*** EXTRACTED RECORDS Section Begins ***
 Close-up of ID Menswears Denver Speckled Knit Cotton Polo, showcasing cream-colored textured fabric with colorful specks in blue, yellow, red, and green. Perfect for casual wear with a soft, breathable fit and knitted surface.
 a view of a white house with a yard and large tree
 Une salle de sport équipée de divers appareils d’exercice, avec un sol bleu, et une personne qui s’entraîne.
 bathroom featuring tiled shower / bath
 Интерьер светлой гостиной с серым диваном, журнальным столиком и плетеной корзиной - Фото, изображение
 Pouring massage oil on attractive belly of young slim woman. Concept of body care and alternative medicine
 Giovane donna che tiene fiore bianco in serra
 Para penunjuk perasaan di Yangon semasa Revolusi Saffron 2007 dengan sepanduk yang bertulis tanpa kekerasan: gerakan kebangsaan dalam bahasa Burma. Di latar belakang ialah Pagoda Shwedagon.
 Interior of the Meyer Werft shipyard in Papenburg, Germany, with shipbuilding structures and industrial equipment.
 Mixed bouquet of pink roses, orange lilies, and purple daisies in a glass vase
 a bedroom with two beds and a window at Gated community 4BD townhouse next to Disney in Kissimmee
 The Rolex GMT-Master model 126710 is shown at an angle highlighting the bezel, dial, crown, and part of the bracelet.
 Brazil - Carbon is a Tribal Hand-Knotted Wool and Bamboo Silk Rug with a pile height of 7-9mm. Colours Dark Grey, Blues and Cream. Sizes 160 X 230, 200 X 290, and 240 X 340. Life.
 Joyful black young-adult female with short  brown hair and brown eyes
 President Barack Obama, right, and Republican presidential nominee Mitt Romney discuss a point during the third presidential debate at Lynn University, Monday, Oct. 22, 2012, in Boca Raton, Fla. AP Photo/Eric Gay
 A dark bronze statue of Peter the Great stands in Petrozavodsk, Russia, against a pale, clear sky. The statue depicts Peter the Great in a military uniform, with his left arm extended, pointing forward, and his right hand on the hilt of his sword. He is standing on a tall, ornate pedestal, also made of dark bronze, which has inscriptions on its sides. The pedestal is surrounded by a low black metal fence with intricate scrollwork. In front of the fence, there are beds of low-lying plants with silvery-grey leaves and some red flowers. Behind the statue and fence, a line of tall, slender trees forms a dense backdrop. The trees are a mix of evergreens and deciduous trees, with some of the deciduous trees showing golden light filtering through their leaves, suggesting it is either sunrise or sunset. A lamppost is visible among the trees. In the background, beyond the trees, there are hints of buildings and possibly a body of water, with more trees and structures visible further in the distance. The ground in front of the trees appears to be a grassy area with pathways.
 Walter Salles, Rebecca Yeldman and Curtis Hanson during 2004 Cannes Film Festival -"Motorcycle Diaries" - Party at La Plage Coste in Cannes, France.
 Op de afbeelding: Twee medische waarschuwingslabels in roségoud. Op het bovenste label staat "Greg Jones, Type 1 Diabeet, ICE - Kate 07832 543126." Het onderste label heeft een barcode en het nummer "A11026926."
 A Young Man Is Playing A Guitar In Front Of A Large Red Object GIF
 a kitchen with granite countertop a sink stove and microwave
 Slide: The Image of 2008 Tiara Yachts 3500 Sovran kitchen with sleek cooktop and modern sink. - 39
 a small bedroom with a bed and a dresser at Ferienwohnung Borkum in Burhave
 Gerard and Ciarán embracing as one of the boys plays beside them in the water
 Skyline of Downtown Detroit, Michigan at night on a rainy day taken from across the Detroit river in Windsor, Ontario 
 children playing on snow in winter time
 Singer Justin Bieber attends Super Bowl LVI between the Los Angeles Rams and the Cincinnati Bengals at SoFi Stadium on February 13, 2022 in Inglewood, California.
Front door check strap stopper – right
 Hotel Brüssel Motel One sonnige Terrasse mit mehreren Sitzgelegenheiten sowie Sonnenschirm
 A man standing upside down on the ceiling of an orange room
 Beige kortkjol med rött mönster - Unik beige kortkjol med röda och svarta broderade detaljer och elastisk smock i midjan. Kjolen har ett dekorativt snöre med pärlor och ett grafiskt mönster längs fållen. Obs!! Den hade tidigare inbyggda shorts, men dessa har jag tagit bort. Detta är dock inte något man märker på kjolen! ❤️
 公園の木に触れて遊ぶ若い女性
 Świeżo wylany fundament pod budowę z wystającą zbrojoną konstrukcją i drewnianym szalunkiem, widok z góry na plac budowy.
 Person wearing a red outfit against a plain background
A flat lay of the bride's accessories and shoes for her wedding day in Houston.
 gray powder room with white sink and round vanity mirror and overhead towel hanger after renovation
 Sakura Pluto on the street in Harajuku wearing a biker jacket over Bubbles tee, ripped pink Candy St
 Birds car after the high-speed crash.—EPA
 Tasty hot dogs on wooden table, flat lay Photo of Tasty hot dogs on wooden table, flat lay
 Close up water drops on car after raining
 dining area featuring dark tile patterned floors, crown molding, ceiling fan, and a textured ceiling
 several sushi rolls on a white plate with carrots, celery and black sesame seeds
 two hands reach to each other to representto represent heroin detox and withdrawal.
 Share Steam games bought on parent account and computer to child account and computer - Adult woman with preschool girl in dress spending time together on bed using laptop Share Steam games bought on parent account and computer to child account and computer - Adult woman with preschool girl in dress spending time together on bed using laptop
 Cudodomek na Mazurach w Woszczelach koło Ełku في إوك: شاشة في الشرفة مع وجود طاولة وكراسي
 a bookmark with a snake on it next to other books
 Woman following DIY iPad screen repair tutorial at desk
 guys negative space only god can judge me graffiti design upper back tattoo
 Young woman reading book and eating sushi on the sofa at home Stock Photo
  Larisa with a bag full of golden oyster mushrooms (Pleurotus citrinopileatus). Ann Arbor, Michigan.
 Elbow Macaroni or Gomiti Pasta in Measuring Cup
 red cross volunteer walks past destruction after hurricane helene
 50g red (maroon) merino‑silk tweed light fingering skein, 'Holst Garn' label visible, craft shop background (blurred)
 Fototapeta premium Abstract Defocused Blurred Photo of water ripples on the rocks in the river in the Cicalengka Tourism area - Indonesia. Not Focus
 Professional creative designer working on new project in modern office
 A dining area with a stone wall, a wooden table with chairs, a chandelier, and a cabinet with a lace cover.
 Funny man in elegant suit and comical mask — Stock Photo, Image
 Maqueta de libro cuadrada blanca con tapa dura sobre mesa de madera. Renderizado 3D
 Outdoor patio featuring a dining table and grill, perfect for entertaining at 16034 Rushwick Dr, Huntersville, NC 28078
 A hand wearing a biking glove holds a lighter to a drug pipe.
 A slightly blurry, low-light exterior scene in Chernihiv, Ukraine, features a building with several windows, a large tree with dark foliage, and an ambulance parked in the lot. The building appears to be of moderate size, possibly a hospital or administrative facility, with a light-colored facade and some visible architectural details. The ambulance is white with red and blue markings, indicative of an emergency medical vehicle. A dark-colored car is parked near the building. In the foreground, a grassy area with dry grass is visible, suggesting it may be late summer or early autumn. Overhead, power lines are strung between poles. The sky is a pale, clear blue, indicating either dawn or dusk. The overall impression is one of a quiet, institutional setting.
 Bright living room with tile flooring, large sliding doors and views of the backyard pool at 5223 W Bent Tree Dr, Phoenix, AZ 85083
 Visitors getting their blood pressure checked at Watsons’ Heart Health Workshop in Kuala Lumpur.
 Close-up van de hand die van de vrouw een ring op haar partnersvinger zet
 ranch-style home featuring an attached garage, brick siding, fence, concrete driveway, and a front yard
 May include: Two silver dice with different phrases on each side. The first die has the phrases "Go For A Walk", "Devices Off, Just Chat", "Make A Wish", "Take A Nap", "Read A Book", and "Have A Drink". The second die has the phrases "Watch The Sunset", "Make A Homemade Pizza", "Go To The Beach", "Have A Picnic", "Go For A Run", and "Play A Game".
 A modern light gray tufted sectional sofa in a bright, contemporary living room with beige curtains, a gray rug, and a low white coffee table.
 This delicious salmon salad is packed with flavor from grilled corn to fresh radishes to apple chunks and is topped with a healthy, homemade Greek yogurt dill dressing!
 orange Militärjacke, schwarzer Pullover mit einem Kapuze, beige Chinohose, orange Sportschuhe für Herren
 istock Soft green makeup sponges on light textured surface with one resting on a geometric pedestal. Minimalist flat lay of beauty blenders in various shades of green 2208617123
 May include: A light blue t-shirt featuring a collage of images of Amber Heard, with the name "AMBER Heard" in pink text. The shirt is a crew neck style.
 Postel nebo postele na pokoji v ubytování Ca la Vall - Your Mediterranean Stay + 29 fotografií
*** EXTRACTED RECORDS Section Ends ***
WHAT TO PRODUCE →
Reply with nothing but the number of lines in the entries that include "after".

COMPLETED TASK →
4